Prokofy answered, "Well, let's say you are at the $40 tier level. If you go and click on land -- even a small square -- and buy it, it will immediately simply put you into the next tier bracket. So you go from $25 to $40 or $40 to the higher levels in a flash and are stuck. Nowadays, they have a menu warning (for) you, 'Are you really sure you want to do that?' It says 'This will increase your tier level to X.' But in the old days we didn't have that, so oops."

"Anyway, we decided to try to recreate what we had done in TSO, which was also very naive. But you can only learn from your newbie mistakes. We made a club with trance music, and we also created an architecture club and contests. We decided to reward good SL architecture, the way we had in TSO. The problem is, the meter is ticking on your tier bill in SL, you can't just fool around aimlessly. Tier is a harsh task mistress. How to make revenue then? You can't live on tips. I started making some content to sell, but it didn't sell very well, because I sucked at making things (laughs out loud). My first thing I sold was the leopard-skin men's briefs from TSO (laughs out loud), not a barn-stormer I'm afraid."

I responded with a few chuckles.

Prokofy went on, "Anyway we tried to have these contests and bring in traffic, and in those days the Lindens had these awards they would give out.
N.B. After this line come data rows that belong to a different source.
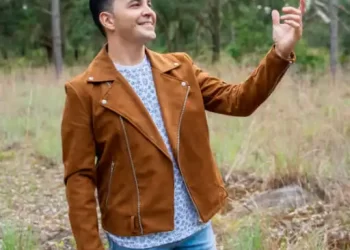 Emir Sensini – Medley Clásicos de Adoración (Top Marzo)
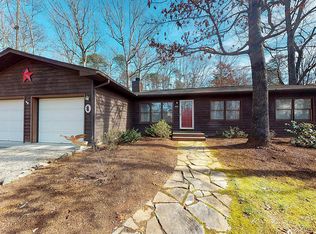 200 Heather Ln, Huddleston, VA 24104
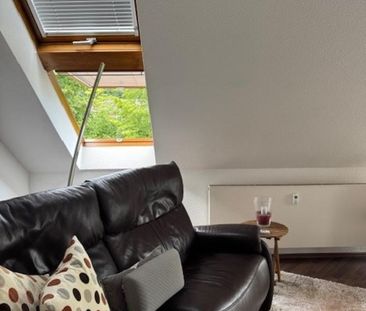 Bei VIVAWEST die Sonnenstrahlen auf dem eigenen Balkon genießen. - Photo 1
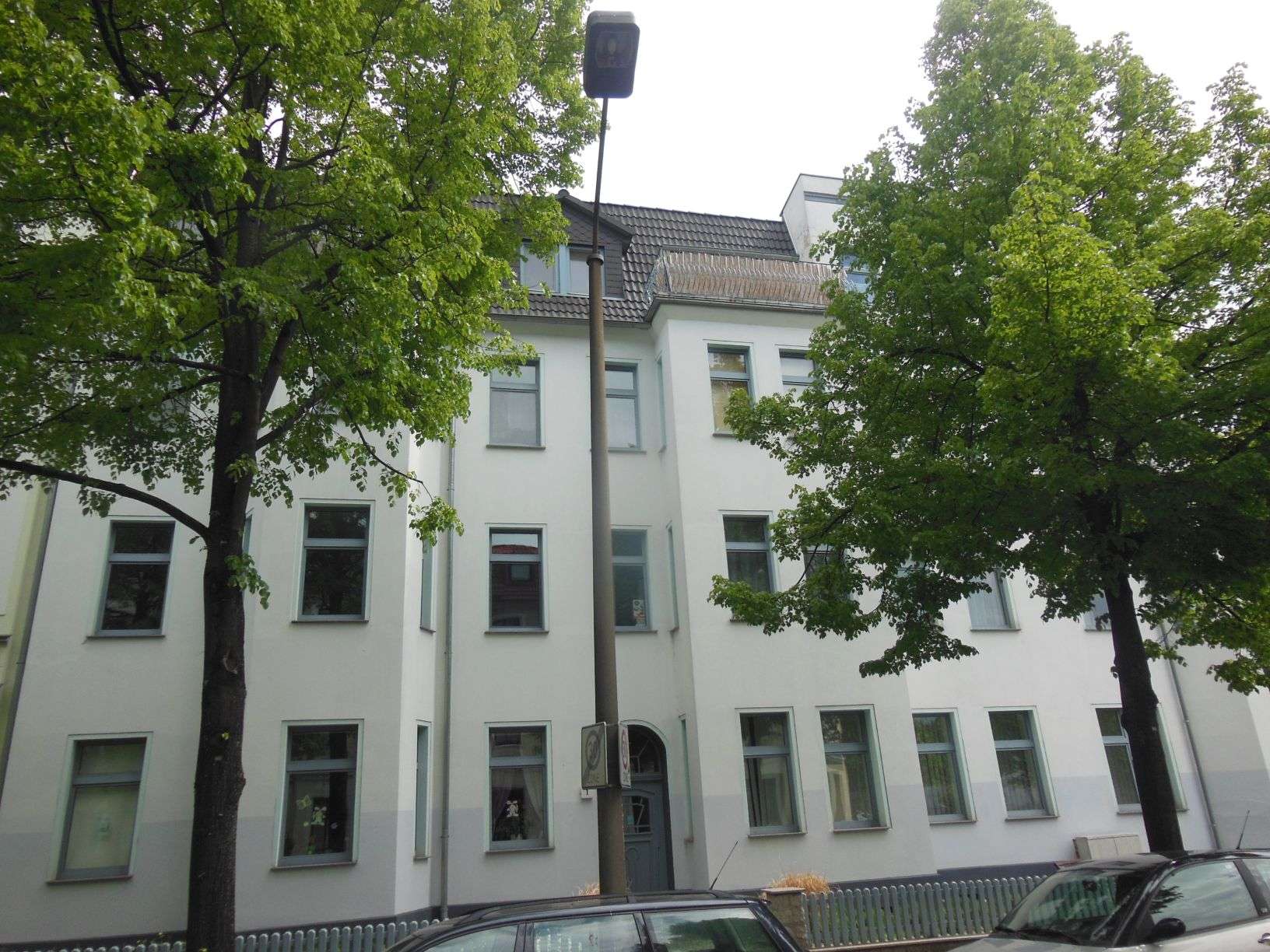 Gepflegte Wohnung mit Erker, Bad mit Fenster, Küche mit Balkon!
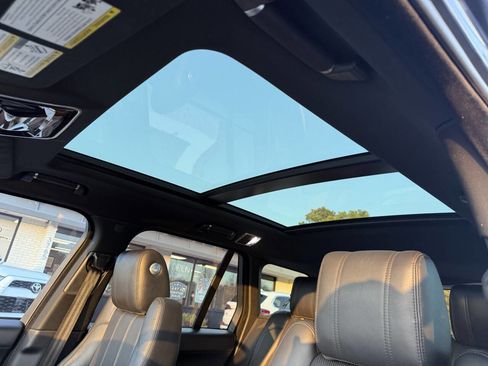 Used 2017 Land Rover Range Rover Supercharged image 23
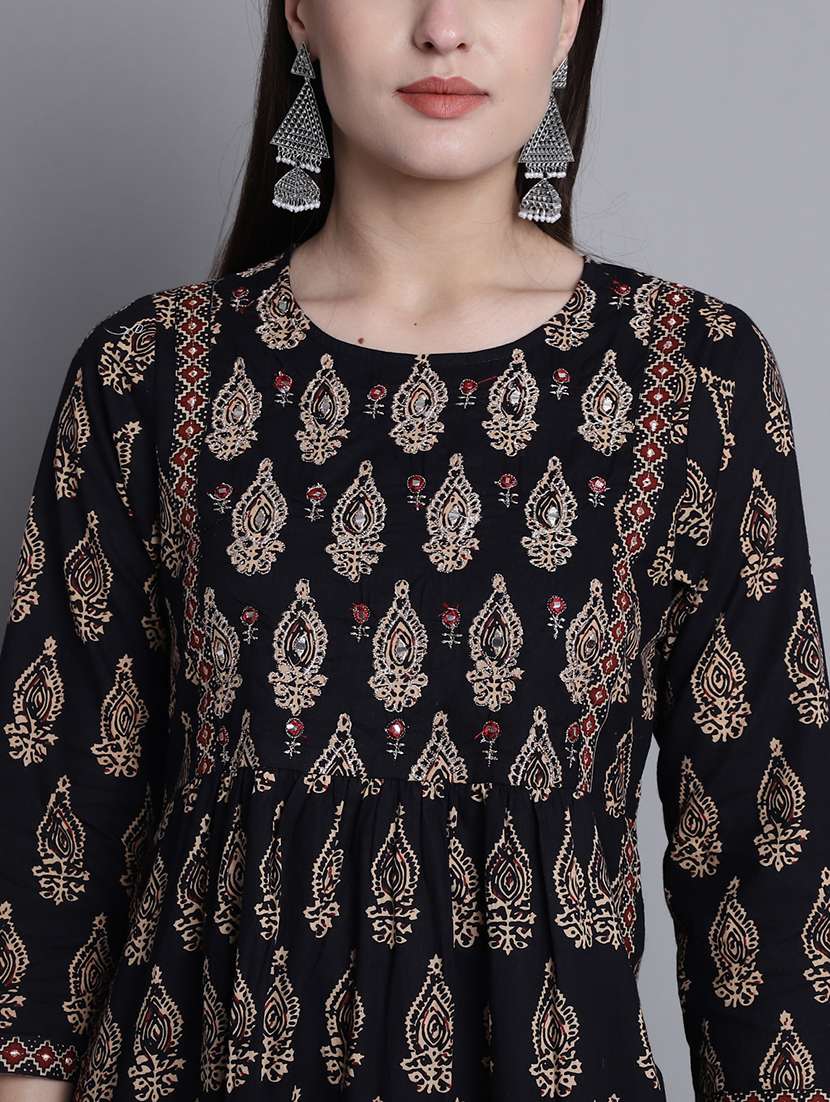 women printed kurta pant set with dupatta - 21558513 -  Standard Image - 5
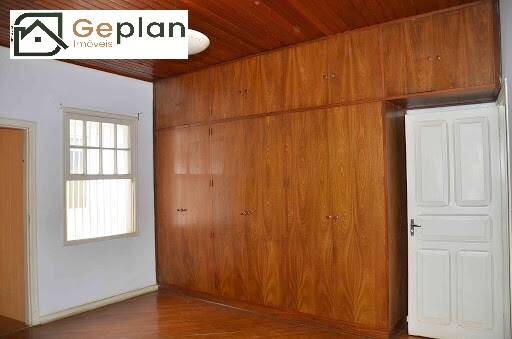 Casa à venda com 4 quartos, 200m² - Foto 4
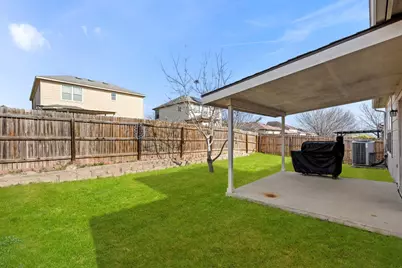 5725 Maxfli Dr Drive, Schertz, TX 78108 - Photo 17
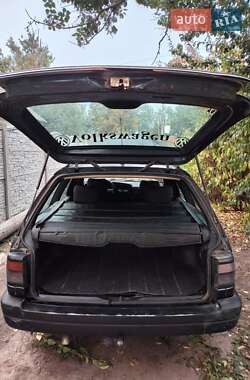 Универсал Volkswagen Passat 1990 в 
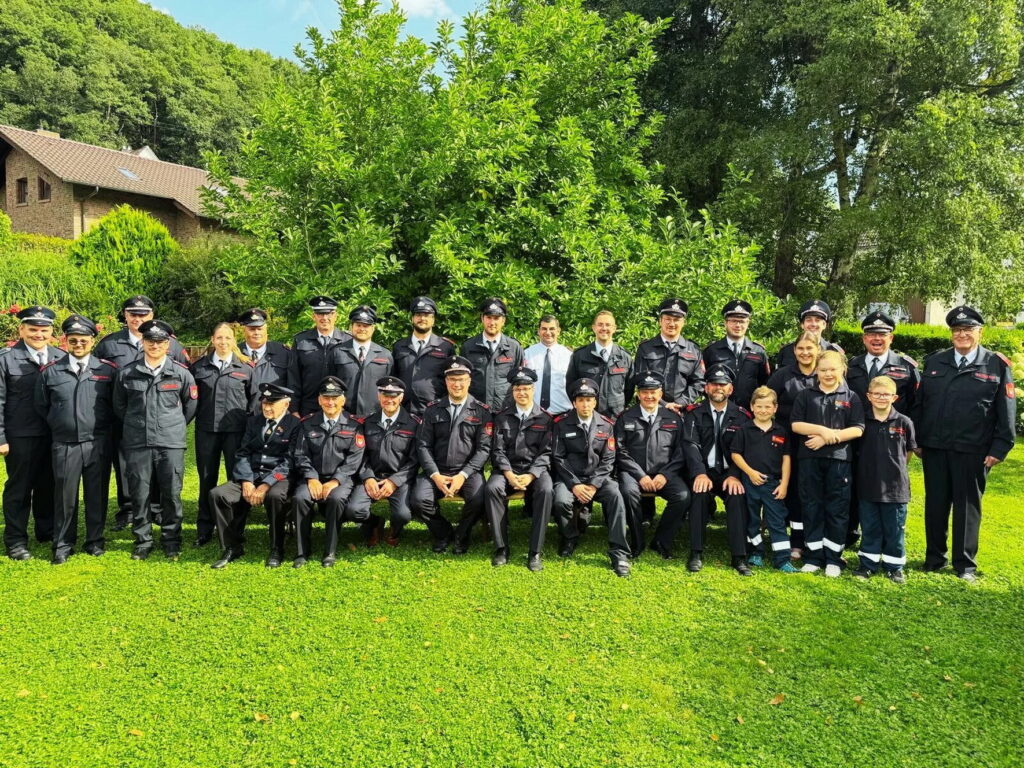 Die Mitglieder der Freiwilligen Feuerwehr Eiserfey blicken stolz auf 90 Jahre ehrenamtlichen Einsatz für die Sicherheit der Bevölkerung zurück. Foto: Daniel Bürling/FF Eiserfey/pp/Agentur ProfiPress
First you had the dwell payments,
remember those?"

"I don't believe I do," I told him, "sorry."

Prokofy explained, "If you could attract people to your land, you would get Linden dollars into your account. Well, they used to have a loss leader to try to get the community to entertain each other and be creative with events. So they had a system that rewarded you for traffic, and another system for events awards. So let's say I put on an architectural contest, I could get a $500 Linden award. They were handed out like candy. You could have a wet t-shirt contest at the beach and get the $500 creative award."

I chuckled again at the thought.

Prokofy went on, "The dwell was something that could be real money if you had enough traffic. There was a formula. So let's say I could put 5000 traffic on to my club, it would translate as cash. That cash would pay out every Wednesday, just like group fees now debit. It used to be group fees debited AND credited. However, again, this wasn't enough to pay the bills."

"So then I started trying to flip land, and of course, that was disastrous because I had no idea what I was doing and got stuck with 'end of the world' land that I thought was waterfront. In the old days, you could see the sims as they were being rolled  out. You could see a sim being born, often in the middle of the night. The sim would rise up out of the mist slowly and then these little green triangles would fill it. Those were tree buds the Lindens planted. The trees would appear, and it would seem as if the edge of that thing was 'waterfront.' They'd set it to sale, and an idiot like me would buy it. I remember Dyerbrook's first purchase of his newbie land was a fake waterfront like that. Then oops, a week later, the Lindens would lay ANOTHER sim down next to it. Then it became swamp or woodland with no waterfront. So you get the idea, lots of false starts and learning by idiotic mistakes."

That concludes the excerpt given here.